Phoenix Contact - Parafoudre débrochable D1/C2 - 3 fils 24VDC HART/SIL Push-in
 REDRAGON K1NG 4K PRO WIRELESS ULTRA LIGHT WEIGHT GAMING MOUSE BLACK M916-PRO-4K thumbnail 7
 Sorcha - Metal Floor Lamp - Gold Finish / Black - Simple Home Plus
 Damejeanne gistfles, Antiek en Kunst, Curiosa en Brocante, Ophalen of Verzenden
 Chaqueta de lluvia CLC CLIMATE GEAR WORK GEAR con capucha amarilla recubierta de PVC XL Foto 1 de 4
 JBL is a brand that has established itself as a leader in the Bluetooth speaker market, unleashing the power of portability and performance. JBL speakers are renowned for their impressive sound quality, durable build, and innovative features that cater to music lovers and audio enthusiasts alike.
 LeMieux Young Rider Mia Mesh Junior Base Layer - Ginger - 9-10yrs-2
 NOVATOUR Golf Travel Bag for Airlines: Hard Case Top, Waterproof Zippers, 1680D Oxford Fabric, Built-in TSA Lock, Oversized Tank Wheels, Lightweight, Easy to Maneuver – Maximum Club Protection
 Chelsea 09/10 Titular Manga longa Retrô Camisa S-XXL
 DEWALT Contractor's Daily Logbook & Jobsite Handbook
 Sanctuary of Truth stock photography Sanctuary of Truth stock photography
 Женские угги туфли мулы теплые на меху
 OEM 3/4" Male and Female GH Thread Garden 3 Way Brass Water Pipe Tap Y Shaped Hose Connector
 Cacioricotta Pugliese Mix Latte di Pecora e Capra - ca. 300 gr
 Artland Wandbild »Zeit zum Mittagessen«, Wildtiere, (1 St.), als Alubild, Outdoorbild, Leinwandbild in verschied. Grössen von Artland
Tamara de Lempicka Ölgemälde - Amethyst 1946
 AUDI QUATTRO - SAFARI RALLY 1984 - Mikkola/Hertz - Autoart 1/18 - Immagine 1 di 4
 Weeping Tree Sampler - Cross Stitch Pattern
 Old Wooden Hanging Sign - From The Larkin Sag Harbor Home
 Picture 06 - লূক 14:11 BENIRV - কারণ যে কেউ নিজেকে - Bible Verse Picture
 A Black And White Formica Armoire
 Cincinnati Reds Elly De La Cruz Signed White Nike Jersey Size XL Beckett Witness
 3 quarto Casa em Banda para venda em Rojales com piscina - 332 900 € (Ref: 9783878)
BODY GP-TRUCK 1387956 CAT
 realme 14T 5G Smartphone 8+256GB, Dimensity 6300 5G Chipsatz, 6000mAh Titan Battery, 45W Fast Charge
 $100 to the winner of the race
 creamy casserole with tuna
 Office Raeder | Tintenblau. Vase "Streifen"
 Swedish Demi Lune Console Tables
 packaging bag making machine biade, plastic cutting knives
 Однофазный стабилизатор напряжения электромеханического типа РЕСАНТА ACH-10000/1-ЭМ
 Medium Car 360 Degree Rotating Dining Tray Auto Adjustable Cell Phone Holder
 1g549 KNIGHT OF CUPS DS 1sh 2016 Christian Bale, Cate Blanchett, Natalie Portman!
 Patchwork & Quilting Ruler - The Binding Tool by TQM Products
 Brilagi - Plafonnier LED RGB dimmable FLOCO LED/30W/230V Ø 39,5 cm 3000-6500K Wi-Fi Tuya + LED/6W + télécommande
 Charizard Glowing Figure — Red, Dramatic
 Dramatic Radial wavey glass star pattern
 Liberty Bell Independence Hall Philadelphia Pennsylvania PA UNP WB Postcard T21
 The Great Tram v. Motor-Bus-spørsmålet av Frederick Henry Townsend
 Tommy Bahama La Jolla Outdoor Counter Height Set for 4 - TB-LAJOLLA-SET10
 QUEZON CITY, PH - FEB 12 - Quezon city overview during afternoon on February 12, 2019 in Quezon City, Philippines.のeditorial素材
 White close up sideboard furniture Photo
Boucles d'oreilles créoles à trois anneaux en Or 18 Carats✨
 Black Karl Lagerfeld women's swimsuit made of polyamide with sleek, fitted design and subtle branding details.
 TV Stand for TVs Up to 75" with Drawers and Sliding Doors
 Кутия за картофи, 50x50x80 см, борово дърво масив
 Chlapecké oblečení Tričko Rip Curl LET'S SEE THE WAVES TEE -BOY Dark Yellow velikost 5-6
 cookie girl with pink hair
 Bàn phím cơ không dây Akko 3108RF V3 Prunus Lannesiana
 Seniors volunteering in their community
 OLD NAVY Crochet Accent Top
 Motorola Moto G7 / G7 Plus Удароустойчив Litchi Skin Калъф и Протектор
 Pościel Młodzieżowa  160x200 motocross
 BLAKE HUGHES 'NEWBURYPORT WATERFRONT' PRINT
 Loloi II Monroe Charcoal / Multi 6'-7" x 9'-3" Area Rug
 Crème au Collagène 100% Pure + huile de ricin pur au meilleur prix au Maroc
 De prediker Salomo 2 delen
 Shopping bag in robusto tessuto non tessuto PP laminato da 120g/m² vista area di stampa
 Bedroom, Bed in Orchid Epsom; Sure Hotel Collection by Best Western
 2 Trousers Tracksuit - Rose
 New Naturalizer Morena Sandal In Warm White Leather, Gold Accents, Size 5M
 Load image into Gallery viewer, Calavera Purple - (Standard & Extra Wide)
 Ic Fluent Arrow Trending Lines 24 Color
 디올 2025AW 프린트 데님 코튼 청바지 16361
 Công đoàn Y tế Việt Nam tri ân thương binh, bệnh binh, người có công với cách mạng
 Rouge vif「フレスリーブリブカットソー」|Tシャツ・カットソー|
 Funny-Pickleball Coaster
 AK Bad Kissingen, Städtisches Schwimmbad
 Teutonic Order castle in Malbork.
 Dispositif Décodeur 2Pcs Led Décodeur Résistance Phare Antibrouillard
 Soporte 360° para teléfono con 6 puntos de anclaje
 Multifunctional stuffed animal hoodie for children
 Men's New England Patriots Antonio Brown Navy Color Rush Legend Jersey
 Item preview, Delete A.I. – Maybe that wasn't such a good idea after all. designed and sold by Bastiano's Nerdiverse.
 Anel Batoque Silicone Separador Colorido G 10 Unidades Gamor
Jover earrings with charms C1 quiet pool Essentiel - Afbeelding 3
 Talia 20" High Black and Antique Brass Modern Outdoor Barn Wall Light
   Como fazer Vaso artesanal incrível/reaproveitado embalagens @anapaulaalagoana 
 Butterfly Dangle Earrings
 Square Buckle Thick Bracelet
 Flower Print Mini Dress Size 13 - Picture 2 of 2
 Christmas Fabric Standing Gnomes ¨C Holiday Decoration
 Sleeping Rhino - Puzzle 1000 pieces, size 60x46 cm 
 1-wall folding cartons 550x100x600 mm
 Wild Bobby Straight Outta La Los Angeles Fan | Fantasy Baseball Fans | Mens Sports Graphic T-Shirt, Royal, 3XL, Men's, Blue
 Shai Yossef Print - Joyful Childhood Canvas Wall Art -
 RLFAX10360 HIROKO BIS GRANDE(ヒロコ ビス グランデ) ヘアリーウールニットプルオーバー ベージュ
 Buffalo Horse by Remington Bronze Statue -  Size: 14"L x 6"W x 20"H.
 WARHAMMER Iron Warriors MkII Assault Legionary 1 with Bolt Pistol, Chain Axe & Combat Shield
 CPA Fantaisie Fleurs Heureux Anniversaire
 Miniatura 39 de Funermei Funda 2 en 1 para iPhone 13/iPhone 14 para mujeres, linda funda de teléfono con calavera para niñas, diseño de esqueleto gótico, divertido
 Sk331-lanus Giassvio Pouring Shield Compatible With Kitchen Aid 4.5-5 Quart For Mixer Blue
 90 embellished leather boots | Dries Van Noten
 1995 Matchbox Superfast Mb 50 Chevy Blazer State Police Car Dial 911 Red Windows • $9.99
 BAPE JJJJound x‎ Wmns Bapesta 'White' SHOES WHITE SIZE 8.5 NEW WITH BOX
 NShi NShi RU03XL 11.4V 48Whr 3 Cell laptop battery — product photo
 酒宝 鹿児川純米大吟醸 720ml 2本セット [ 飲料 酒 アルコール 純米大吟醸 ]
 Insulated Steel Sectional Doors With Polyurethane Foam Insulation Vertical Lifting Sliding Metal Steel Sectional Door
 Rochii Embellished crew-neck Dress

## Assignment
Beginning with the line that has "Công đoàn Y" and ending with the line that has "1995 Matchbox Superfast", set down the lines above exactly and include no others.

## Your solution
 Công đoàn Y tế Việt Nam tri ân thương binh, bệnh binh, người có công với cách mạng
 Rouge vif「フレスリーブリブカットソー」|Tシャツ・カットソー|
 Funny-Pickleball Coaster
 AK Bad Kissingen, Städtisches Schwimmbad
 Teutonic Order castle in Malbork.
 Dispositif Décodeur 2Pcs Led Décodeur Résistance Phare Antibrouillard
 Soporte 360° para teléfono con 6 puntos de anclaje
 Multifunctional stuffed animal hoodie for children
 Men's New England Patriots Antonio Brown Navy Color Rush Legend Jersey
 Item preview, Delete A.I. – Maybe that wasn't such a good idea after all. designed and sold by Bastiano's Nerdiverse.
 Anel Batoque Silicone Separador Colorido G 10 Unidades Gamor
Jover earrings with charms C1 quiet pool Essentiel - Afbeelding 3
 Talia 20" High Black and Antique Brass Modern Outdoor Barn Wall Light
   Como fazer Vaso artesanal incrível/reaproveitado embalagens @anapaulaalagoana 
 Butterfly Dangle Earrings
 Square Buckle Thick Bracelet
 Flower Print Mini Dress Size 13 - Picture 2 of 2
 Christmas Fabric Standing Gnomes ¨C Holiday Decoration
 Sleeping Rhino - Puzzle 1000 pieces, size 60x46 cm 
 1-wall folding cartons 550x100x600 mm
 Wild Bobby Straight Outta La Los Angeles Fan | Fantasy Baseball Fans | Mens Sports Graphic T-Shirt, Royal, 3XL, Men's, Blue
 Shai Yossef Print - Joyful Childhood Canvas Wall Art -
 RLFAX10360 HIROKO BIS GRANDE(ヒロコ ビス グランデ) ヘアリーウールニットプルオーバー ベージュ
 Buffalo Horse by Remington Bronze Statue -  Size: 14"L x 6"W x 20"H.
 WARHAMMER Iron Warriors MkII Assault Legionary 1 with Bolt Pistol, Chain Axe & Combat Shield
 CPA Fantaisie Fleurs Heureux Anniversaire
 Miniatura 39 de Funermei Funda 2 en 1 para iPhone 13/iPhone 14 para mujeres, linda funda de teléfono con calavera para niñas, diseño de esqueleto gótico, divertido
 Sk331-lanus Giassvio Pouring Shield Compatible With Kitchen Aid 4.5-5 Quart For Mixer Blue
 90 embellished leather boots | Dries Van Noten
 1995 Matchbox Superfast Mb 50 Chevy Blazer State Police Car Dial 911 Red Windows • $9.99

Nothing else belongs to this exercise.